The Concerto is shorter and in some ways less “pretentious” than his earlier concerti (2 and 3) and less “expansive” but in some was more eclectic.  The harmonic progressions show a little bit of influence of jazz and of impressionism, at times (especially near the opening), the music seems to “hang” around the dominant key D Major too much (it opens on the dominant).

There is a big time in G of sorts, but it is a bit truncated and sounds like it comes from 1940s “tin pan alley” a bit. The very end has 3 FF G Major chord on the piano with the descending major third interval.  That same idea dominates the “second theme” group in my own last (Third) Sonata.  But at the end I take the “hymn” theme from F# Major back to a C Major Pedal Point with a couple of “polytonal” pivot points – and a lot of unresolved dissonance – so the pianist will have to control the melodic line (playing it back, a computer connected to Sibelius can’t keep the melodic line together, only a human pianist can do that).

The finale does have the interesting harmonic effect of a middle section in D-flat, a tritone away rom the home key, an idea not found often (Elgar does this in his first symphony).

The second movement (in C) is based on the on the nursery rhyme "Three Blind Mice", a tune that was used in the opening of the first James Bond movie "Dr. No" (which I saw in the Cleveland Arcade back in 1965).

Tuesday, January 24, 2017

Nice anthem-hymm of Kelvingrove

Today, a very simple post, a special hymn- anthem, not in the regular hymnal, by Kelvingrove, “Will You Come and Follow Me?”

This embed comes from a church in Nebraska in 2014.
It was sung at the First Baptist Church of the City of Washington DC on Sunday, January 22.

The picture above is from the Refugee Ball at the Synagogue at 6th and I in Washington DC January 17, where Tibetan and African folk music was performed.

Tuesday, January 03, 2017

Does Bruckner's Symphony #3 (the "Wagner") anticipate the "Number Nine"?

Sergui Celibidache conducts the Symphony #3 in D Minor by Anton Bruckner, with the Stuttgart Radio Symphony.

Yes, I love the picture from the French Alps.

The Symphony has gotten my attention because I have spent a lot of time looking at various “completions” of the Finale of the 9th in the same key.

The work is called the “Wagner”, because of chromatic passages that resemble Wagner, especially toward the end.

The most important motive in the Symphony is a descending interval motive based on the opening of the Beethoven Ninth, D – A – D octave lower.  Both the first movement and finale end with that sequence of notes (although some versions of the finale omit that and simply end on the preceding fortissimo chord).

Bruckner tends to build his final climaxes on opening themes rather than “second themes”, which tend to generate “big tunes” with some composers (like Rachmaninoff, Tchaikovsky, Grieg).
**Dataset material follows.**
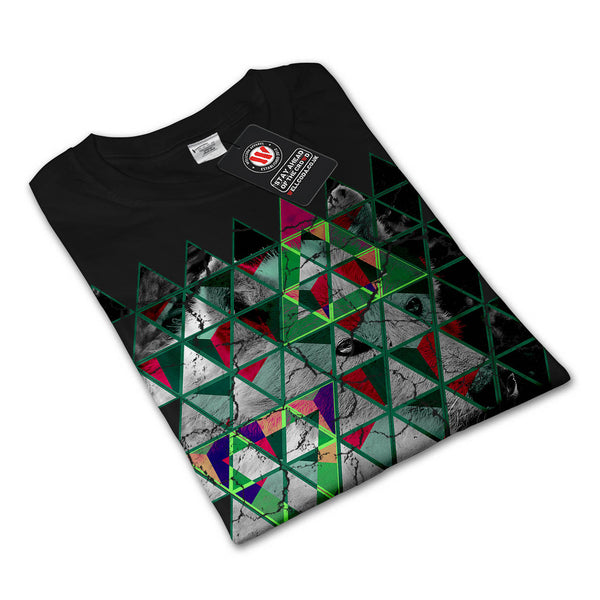 Kaleidoscopic Wolf Mens Long Sleeve T-Shirt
In this Symphony, the rather perfunctory, declamatory nature of the opening theme, and its return at the end, adds to its power.
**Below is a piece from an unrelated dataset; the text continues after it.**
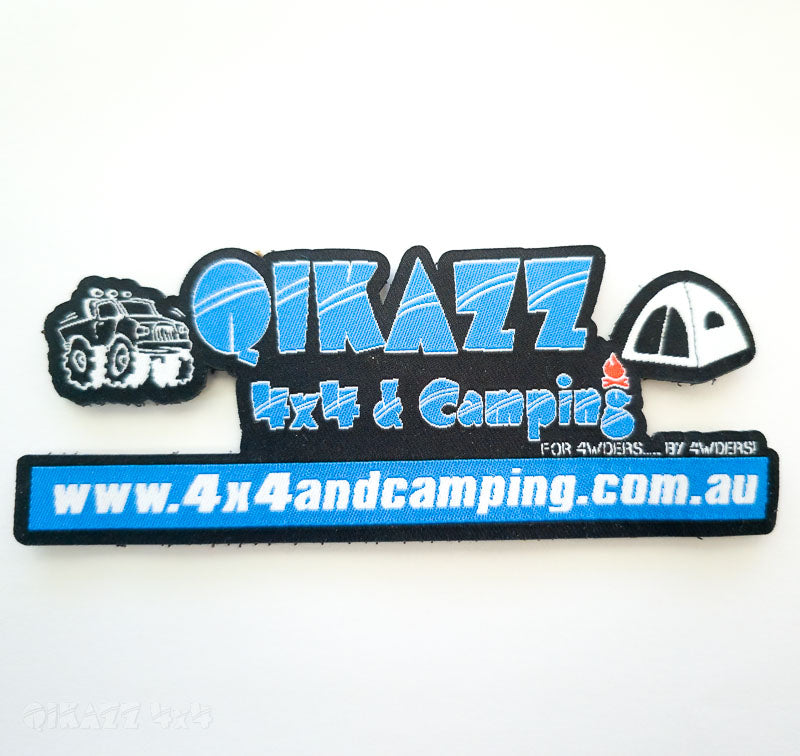 QIKAZZ Patches with Velcro backing | QIKAZZ 4x4 & Camping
The final climax has an extended chord on the subdominant, rather than an abrupt pivot (as in the 8th).  Then on the final pedal point there are rising “Wagnerian” motives in the brass that anticipate the Seventh and also the Samale completion of the Ninth.  The descending theme also figures into the finale of the Ninth at a few critical moments (morphing into the “octave theme”).
Celibidache tends to favor slow tempos, like Klemperer.